Your answer should hold exactly the lines below from the line with "Gossett 100cm Console Table, Gold, Black" through the line with "Load image into", both included, and no pictures at all.

- **Supplied material**:

• • • •

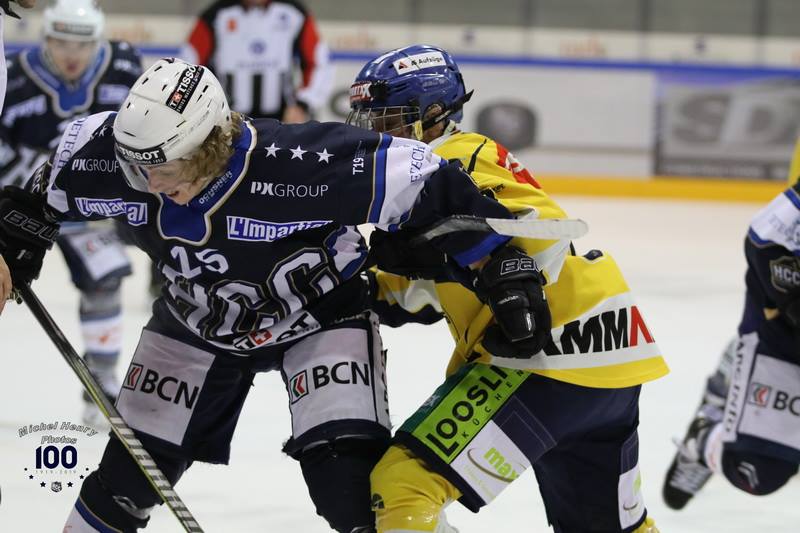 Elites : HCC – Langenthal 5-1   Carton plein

• • • •

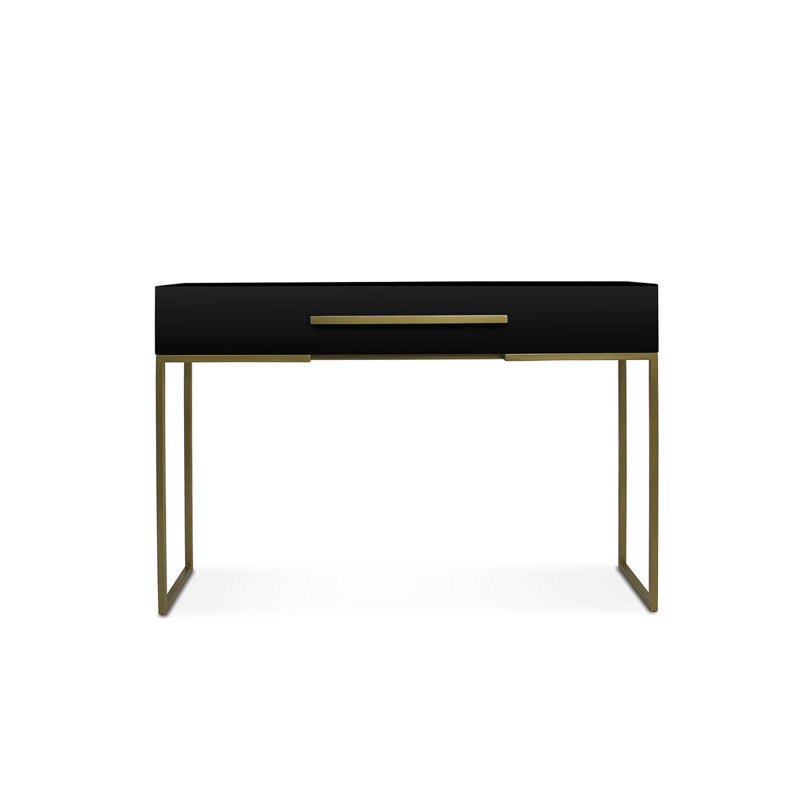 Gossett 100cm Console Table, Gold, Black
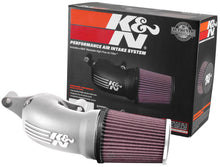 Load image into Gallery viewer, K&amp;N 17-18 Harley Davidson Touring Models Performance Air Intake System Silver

• • • •

- **Response for this exercise**:
 Gossett 100cm Console Table, Gold, Black
 Load image into Gallery viewer, K&amp;N 17-18 Harley Davidson Touring Models Performance Air Intake System Silver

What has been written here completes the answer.